This is a simple example of a very real problem with valuing from a small number of grid points instead of doing a true Monte Carlo simulation. One of the authors remembers a scary period in the mid-1980s when typical interest rate risk simulations never simulated interest rates high enough to detect the huge balance of adjustable rate mortgages in bank portfolios with caps at 12.75% and 13.00%. The young analysts, with no knowledge of history and no examination of the portfolio at a detailed level, did not detect this risk, just as our simple example above missed medium sized risk within the grid and huge risk outside the grid.
This graph of the 10 year and 5 year moving average standard deviations of month-end 3 month Libor shows how easy it is to design “grid widths” that end up being horribly wrong.

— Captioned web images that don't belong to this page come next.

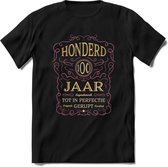 100 Jaar Legendarisch Gerijpt T-Shirt | Oud Roze - Ivoor | Grappig Verjaardag en Feest Cadeau Shirt | Dames - Heren - Unisex | Tshirt Kleding Kado | - Zwart - S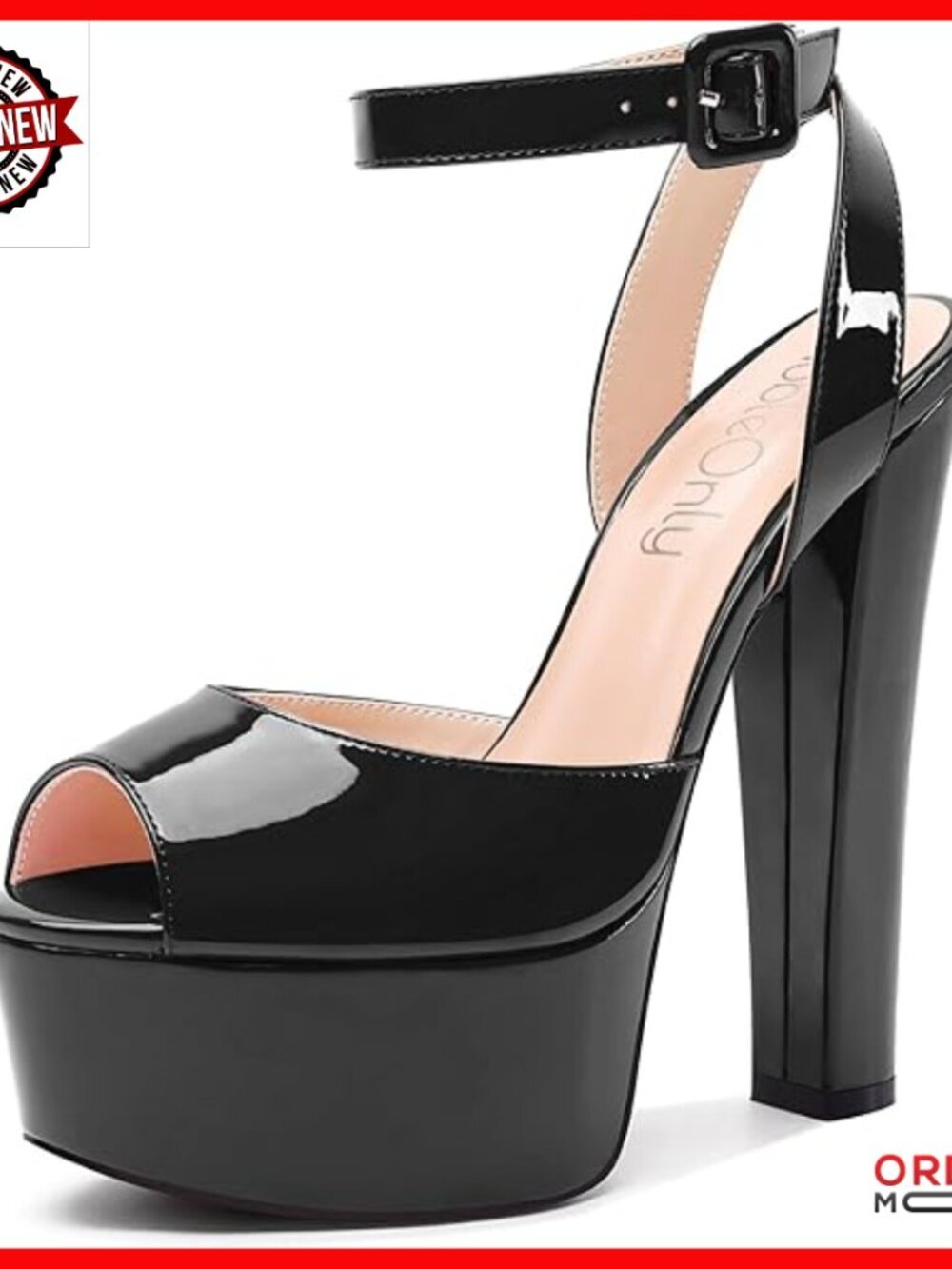 High Block Platform Heel Peep Toe Ankle Strap Sandals 5.9 Inches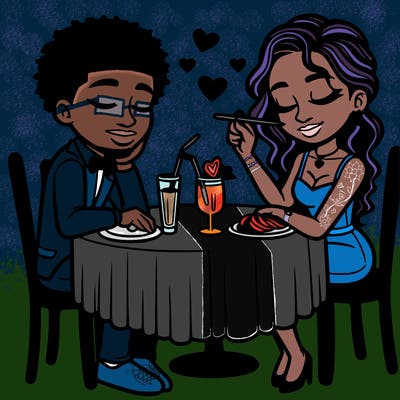 black couple  on a date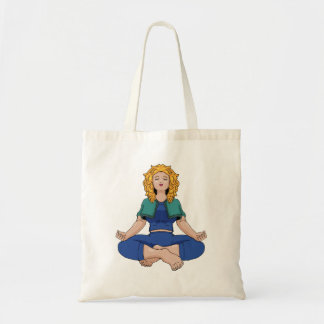 Bolsa Tote Linda Garota Loira Pose de Ioga Lótus Fofa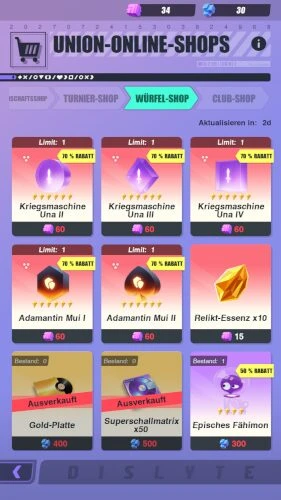 Der Club-shop ist im Early Game hervorragend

Take the 32 basis point standard deviation of 3 month Libor over the five years ended in February 2000. The standard deviation of 3 month Libor for the 5 years ended in September 1981 was 450 basis points!
What’s the solution?
Going back to our August National example, if we don’t know the true width of the hole on a golf course, we at least know that 49 grid points is not enough. We do 1,000 or 10,000 or 100,000 random north-south/east-west coordinates looking for an elevation change of at least 4 inches (the depth of a golf hole). The degree of confidence we seek determines the number of random coordinates we draw. If we know by the rules of golf that the hole is exactly 4.25 inches wide, we can be much more refined in our search techniques. The trouble in risk management, however, is that we don’t know if we’re looking for a golf hole (a few mortgage defaults in 2005) or the Grand Canyon (massive mortgage defaults from the huge drop in home prices in 2007-2009).
Given the current state of risk systems technology, there is no reason not to do a true Monte Carlo simulation that defines the amount of risk embedded in the portfolio with any reasonable desired level of precision. The short cut of interpolating between a small subsample of scenarios is extremely dangerous.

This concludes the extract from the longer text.